■ **ACTION ITEM**
Transcribe, word for word and without additions, each line below from the one containing "Plywood Group LCM Stuhl Vitra" through the one containing "SCHNEIDER AUTOMATION TSX", both ends included.

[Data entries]
-- Opening Marker --

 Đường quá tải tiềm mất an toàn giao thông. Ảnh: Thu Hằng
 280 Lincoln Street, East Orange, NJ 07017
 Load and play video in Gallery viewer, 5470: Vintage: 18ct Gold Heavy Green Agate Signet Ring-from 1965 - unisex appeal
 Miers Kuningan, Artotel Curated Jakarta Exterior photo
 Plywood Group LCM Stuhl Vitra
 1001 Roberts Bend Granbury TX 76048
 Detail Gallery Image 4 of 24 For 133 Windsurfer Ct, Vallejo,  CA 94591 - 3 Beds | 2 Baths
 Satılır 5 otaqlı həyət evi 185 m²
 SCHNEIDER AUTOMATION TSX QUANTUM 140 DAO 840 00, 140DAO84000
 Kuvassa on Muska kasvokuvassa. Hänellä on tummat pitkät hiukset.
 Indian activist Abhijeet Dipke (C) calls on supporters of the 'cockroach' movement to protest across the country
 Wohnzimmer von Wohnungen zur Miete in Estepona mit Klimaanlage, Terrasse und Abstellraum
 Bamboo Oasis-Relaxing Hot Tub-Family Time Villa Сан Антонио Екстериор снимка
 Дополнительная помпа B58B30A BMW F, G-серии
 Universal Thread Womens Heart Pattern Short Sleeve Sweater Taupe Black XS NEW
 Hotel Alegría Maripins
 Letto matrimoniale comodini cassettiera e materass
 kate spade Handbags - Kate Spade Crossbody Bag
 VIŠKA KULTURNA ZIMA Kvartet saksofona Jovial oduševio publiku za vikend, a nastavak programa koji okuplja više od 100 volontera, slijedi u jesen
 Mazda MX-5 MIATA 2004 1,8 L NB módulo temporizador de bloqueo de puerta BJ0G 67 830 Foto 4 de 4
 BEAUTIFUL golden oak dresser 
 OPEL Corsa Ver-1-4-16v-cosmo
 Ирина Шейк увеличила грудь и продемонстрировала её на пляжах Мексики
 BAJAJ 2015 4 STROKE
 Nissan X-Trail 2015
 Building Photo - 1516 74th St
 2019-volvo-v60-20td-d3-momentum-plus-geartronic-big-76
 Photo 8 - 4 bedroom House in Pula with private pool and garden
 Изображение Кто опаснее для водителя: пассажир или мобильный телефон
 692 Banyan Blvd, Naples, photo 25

-- Closing Marker --

■ **SOLUTION TO THIS EXERCISE**
 Plywood Group LCM Stuhl Vitra
 1001 Roberts Bend Granbury TX 76048
 Detail Gallery Image 4 of 24 For 133 Windsurfer Ct, Vallejo,  CA 94591 - 3 Beds | 2 Baths
 Satılır 5 otaqlı həyət evi 185 m²
 SCHNEIDER AUTOMATION TSX QUANTUM 140 DAO 840 00, 140DAO84000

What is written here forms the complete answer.